▸ Information supplied:
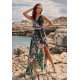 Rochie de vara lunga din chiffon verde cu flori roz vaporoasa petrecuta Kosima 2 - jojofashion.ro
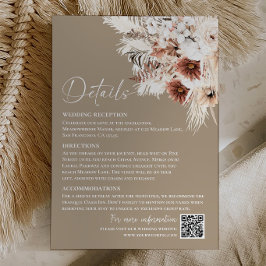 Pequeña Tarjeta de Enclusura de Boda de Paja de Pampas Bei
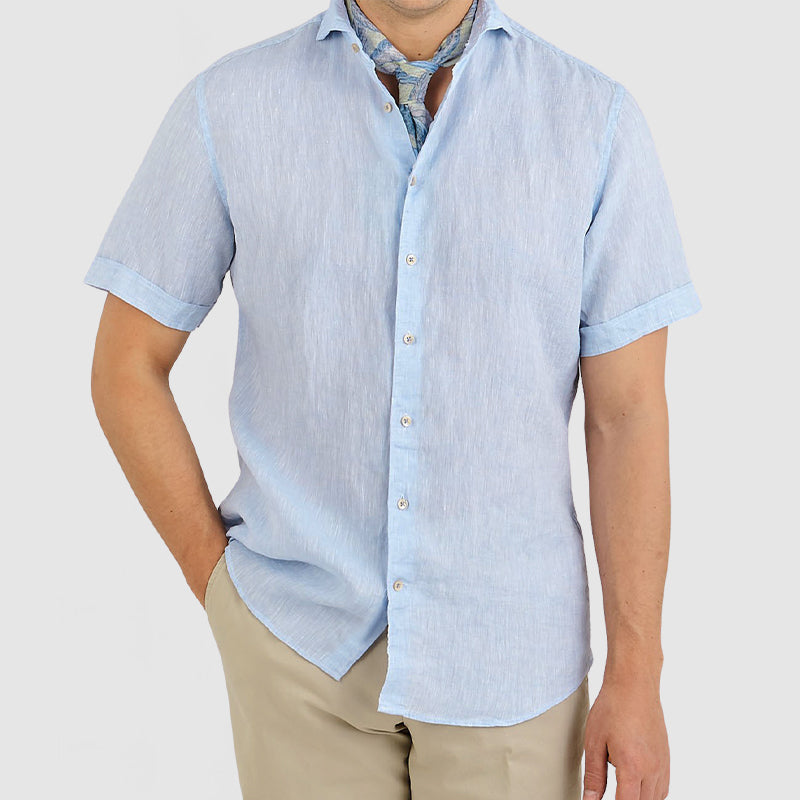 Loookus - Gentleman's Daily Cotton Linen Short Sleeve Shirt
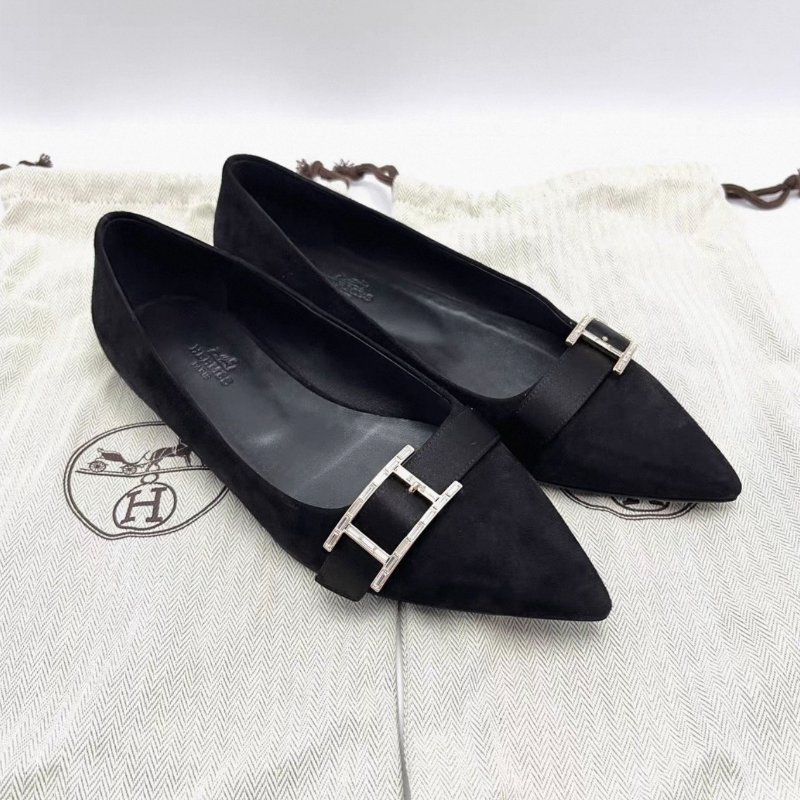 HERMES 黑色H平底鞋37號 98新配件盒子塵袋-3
--
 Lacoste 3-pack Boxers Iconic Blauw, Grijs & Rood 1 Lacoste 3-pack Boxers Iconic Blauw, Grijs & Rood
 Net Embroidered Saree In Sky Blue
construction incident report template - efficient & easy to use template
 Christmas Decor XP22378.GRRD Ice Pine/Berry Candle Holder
==
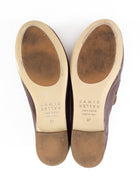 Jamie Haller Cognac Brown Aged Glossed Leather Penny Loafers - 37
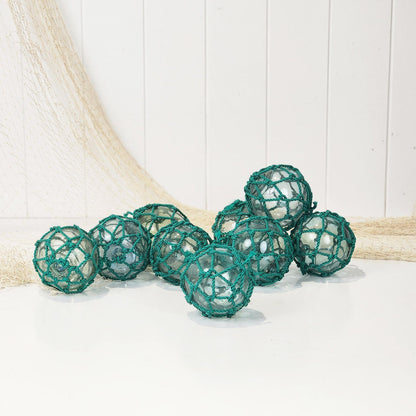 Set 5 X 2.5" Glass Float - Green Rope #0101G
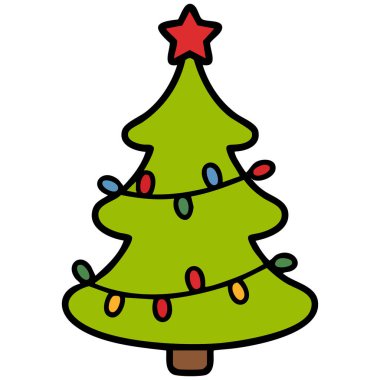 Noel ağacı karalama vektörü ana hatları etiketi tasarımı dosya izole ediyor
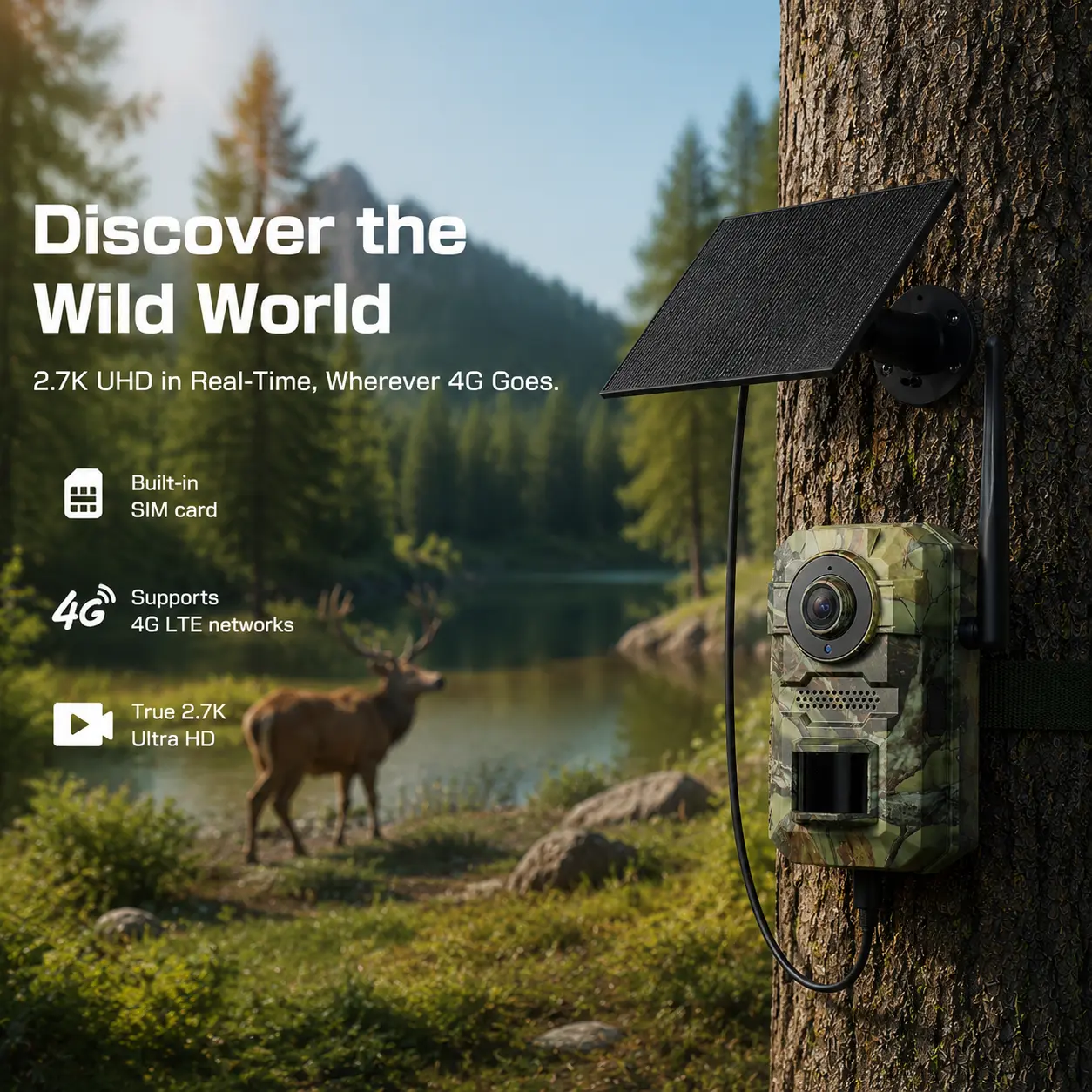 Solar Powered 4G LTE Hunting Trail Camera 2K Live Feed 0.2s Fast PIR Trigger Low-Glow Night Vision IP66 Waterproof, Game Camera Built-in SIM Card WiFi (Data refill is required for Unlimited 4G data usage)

▸ What the task asks: Starting at the line above that has "Rochie de vara" and ending at the line that has "HERMES 黑色H平底鞋37號 98新配件盒子塵袋-3", copy each line exactly, leaving the pictures out and adding nothing.

▸ Result of this task:
 Rochie de vara lunga din chiffon verde cu flori roz vaporoasa petrecuta Kosima 2 - jojofashion.ro
 Pequeña Tarjeta de Enclusura de Boda de Paja de Pampas Bei
 Loookus - Gentleman's Daily Cotton Linen Short Sleeve Shirt
 HERMES 黑色H平底鞋37號 98新配件盒子塵袋-3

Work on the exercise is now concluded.